==== Information provided ====

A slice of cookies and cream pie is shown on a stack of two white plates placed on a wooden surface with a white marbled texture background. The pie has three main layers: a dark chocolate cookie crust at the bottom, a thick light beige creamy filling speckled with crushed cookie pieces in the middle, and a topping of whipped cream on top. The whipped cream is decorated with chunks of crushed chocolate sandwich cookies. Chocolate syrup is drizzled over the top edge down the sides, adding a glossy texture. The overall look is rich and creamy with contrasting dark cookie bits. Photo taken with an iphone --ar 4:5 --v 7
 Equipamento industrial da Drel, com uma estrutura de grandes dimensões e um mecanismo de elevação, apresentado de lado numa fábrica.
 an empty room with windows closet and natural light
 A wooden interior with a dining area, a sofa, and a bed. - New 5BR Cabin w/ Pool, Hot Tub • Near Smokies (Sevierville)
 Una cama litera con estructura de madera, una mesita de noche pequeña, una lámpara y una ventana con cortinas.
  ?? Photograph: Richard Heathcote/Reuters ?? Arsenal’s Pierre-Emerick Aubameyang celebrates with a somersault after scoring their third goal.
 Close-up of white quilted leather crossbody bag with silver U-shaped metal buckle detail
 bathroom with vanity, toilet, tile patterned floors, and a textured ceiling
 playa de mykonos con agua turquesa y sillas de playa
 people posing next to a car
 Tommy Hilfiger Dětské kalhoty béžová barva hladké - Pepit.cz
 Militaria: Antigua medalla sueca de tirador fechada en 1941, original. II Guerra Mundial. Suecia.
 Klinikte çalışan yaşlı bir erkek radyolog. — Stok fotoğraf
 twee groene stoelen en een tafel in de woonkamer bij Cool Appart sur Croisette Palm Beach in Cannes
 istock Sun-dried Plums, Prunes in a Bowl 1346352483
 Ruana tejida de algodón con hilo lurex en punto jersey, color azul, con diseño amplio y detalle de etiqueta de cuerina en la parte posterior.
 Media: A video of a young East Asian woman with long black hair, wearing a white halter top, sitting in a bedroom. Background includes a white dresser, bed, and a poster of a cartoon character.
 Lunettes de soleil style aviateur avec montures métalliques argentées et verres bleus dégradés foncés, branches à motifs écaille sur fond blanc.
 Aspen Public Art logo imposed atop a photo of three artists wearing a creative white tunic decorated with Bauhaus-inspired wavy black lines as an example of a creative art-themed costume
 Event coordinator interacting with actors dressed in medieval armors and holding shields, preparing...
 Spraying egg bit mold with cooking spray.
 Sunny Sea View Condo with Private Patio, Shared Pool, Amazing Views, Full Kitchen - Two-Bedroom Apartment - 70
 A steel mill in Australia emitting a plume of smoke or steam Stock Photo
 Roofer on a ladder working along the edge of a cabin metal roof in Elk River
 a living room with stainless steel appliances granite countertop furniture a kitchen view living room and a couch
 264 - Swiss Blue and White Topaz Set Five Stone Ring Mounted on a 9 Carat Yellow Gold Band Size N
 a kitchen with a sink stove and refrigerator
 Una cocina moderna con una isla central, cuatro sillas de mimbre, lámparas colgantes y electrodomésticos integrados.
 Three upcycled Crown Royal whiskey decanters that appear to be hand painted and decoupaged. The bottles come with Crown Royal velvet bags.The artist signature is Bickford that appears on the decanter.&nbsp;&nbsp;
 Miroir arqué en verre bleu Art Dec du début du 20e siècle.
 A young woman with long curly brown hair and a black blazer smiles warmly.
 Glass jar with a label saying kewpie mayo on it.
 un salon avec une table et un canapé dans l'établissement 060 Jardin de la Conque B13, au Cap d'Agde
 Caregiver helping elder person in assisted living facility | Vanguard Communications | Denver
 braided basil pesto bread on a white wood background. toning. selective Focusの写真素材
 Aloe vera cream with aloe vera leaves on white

====

Your goal: Restate word for word the lines running from the line that holds "istock Sun-dried Plums, Prunes" to the final line of the entries.

Task answer:
 istock Sun-dried Plums, Prunes in a Bowl 1346352483
 Ruana tejida de algodón con hilo lurex en punto jersey, color azul, con diseño amplio y detalle de etiqueta de cuerina en la parte posterior.
 Media: A video of a young East Asian woman with long black hair, wearing a white halter top, sitting in a bedroom. Background includes a white dresser, bed, and a poster of a cartoon character.
 Lunettes de soleil style aviateur avec montures métalliques argentées et verres bleus dégradés foncés, branches à motifs écaille sur fond blanc.
 Aspen Public Art logo imposed atop a photo of three artists wearing a creative white tunic decorated with Bauhaus-inspired wavy black lines as an example of a creative art-themed costume
 Event coordinator interacting with actors dressed in medieval armors and holding shields, preparing...
 Spraying egg bit mold with cooking spray.
 Sunny Sea View Condo with Private Patio, Shared Pool, Amazing Views, Full Kitchen - Two-Bedroom Apartment - 70
 A steel mill in Australia emitting a plume of smoke or steam Stock Photo
 Roofer on a ladder working along the edge of a cabin metal roof in Elk River
 a living room with stainless steel appliances granite countertop furniture a kitchen view living room and a couch
 264 - Swiss Blue and White Topaz Set Five Stone Ring Mounted on a 9 Carat Yellow Gold Band Size N
 a kitchen with a sink stove and refrigerator
 Una cocina moderna con una isla central, cuatro sillas de mimbre, lámparas colgantes y electrodomésticos integrados.
 Three upcycled Crown Royal whiskey decanters that appear to be hand painted and decoupaged. The bottles come with Crown Royal velvet bags.The artist signature is Bickford that appears on the decanter.&nbsp;&nbsp;
 Miroir arqué en verre bleu Art Dec du début du 20e siècle.
 A young woman with long curly brown hair and a black blazer smiles warmly.
 Glass jar with a label saying kewpie mayo on it.
 un salon avec une table et un canapé dans l'établissement 060 Jardin de la Conque B13, au Cap d'Agde
 Caregiver helping elder person in assisted living facility | Vanguard Communications | Denver
 braided basil pesto bread on a white wood background. toning. selective Focusの写真素材
 Aloe vera cream with aloe vera leaves on white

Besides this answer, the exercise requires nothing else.